There is still more discussion to be had about the question of what constitutes afropessimist thought. One thing to keep in mind is that the goal of this site is not to make us be more afropessimistic, whatever that might mean. The goal is simply to not let certain things that we know to be true atrophy in obscurity and suffocate, for lack of light and air, by not even being raised to the level of discussion. If afropessimistic thoughts flourish as a result of our having a space in which to pose them, that fact will speak to the need for them to be raised and carried further within the academy as well.

For now, this juncture might be a good place for us to start working out a discussion list. Since it is in some ways the source of current afropessimist thinking, maybe we could start out with Frantz Fanon’s Black Skin, White Masks.

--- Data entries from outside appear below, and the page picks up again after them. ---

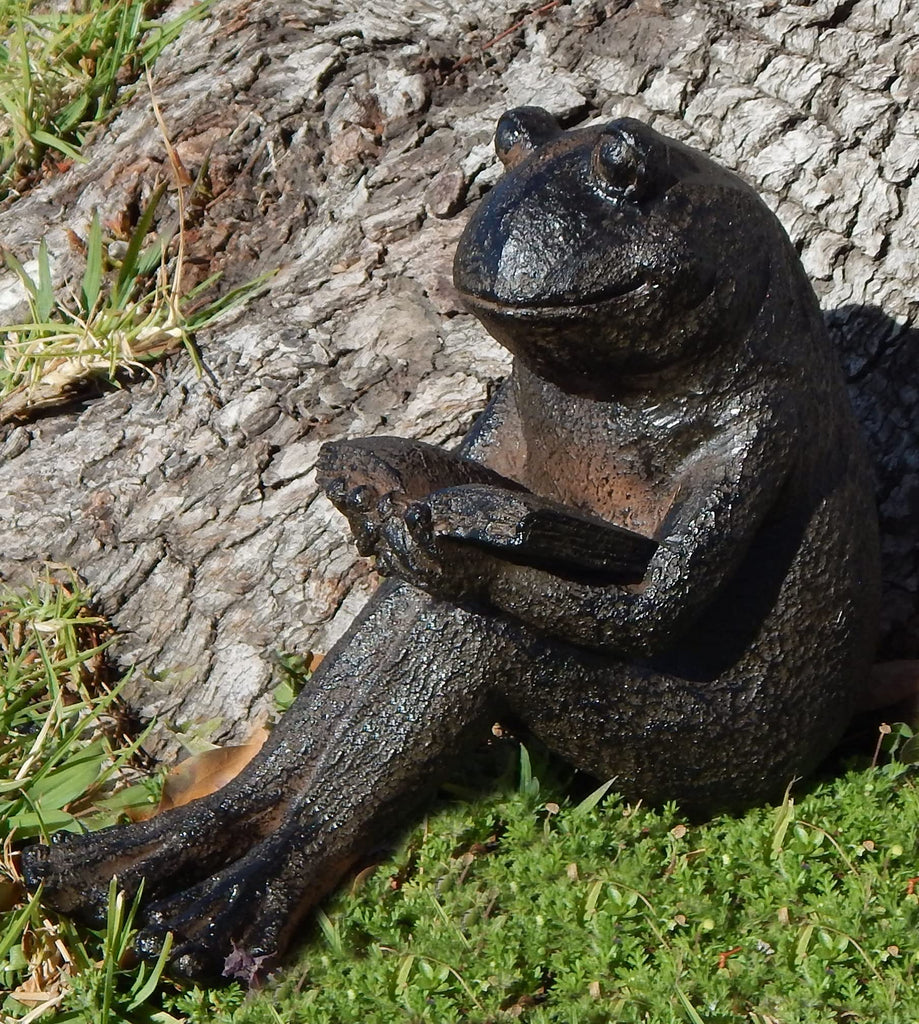 Quite Reading Garden Frog Statue, Polystone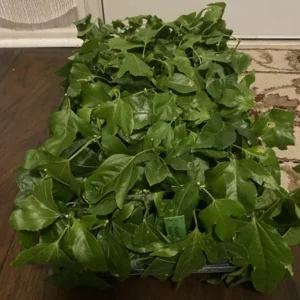 Frederick Passion Fruit Plant - 3-6 in Edible Fruit Vine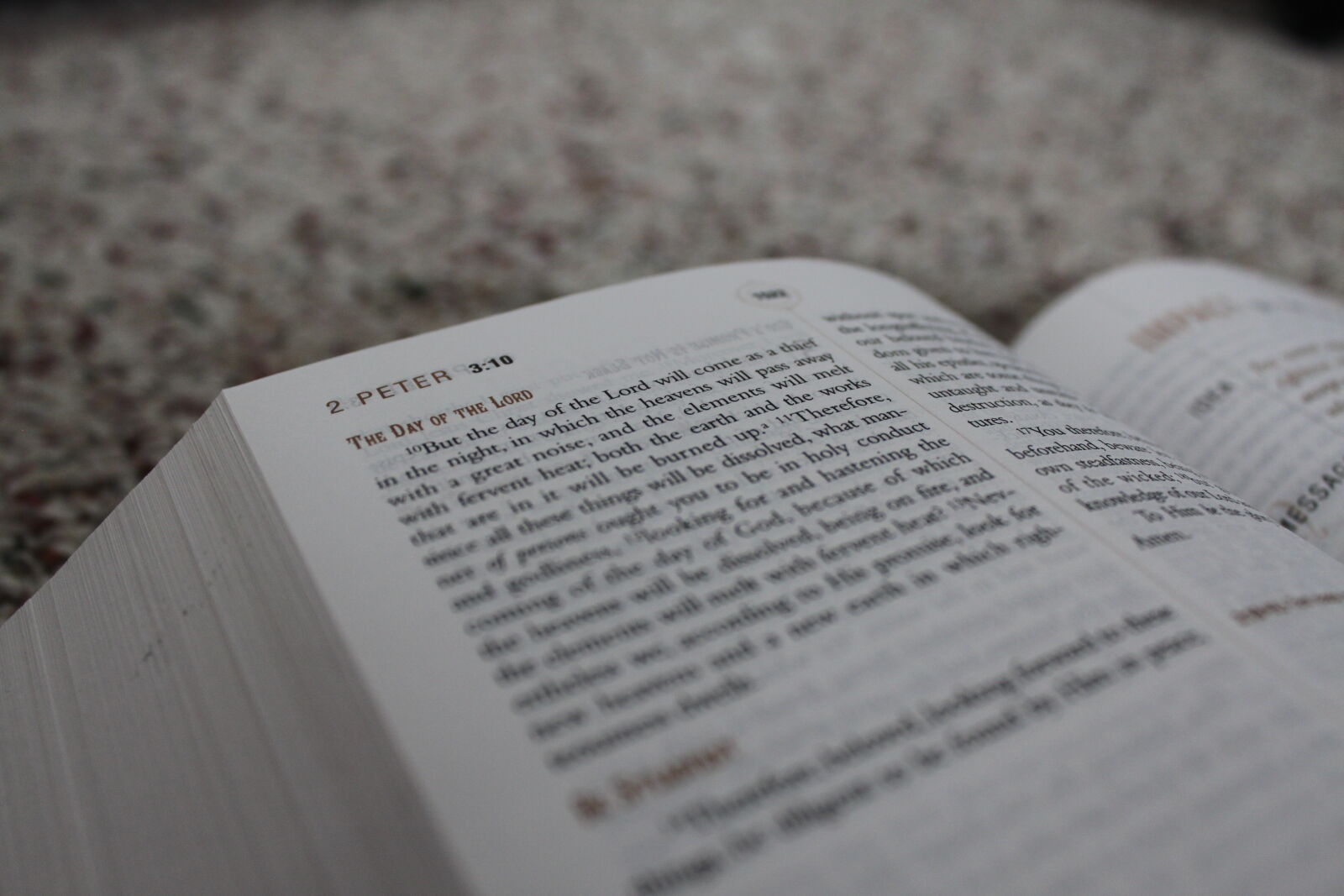 Canon EF-S 18-55mm F3.5-5.6 IS sample photo. Bible, book, book, pages photography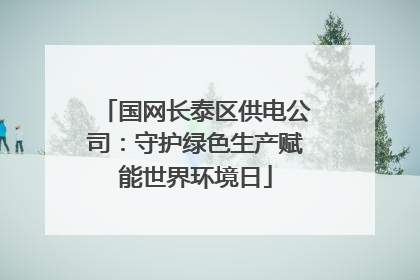 国网长泰区供电公司：守护绿色生产赋能世界环境日
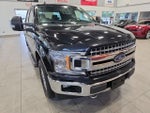 2019 F-150 Thumbnail 4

After that, I’d love to move on to work on the following in no particular order:

Ronald A.T. Judy's (Dis)Forming the American Canon
Frank Wilderson's Incognegro: A Memoir of Exile and Apartheid
Kara Keeling’s The Witch’s Flight
Haile Gerima’s Bush Mama
Loic Wacquant’s “From Slavery to Mass Incarceration”
Hortense Spillers’ Black, White, and In Color
Frank Wilderson’s “The Prison Slave as Hegemony’s (Silent) Scandal”
The Wire
George C. Wolfe’s The Colored Museum
Saidiya Hartman’s Scenes of Subjection
Jared Sexton’s Amalgamation Schemes
Steve Martinot and Jared Sexton’s “The Avant-Garde of White Supremacy”
Lars von Trier’s Manderlay
Abdul JanMohamed’s The Death-Bound Subject
Assata Shakur’s Assata

These are just things that I’m interested in checking out and discussing. Please feel free to add.

1 comment:

  1. hi! hello

    could you explain how The Wire is shot through with afro-pessimist currents?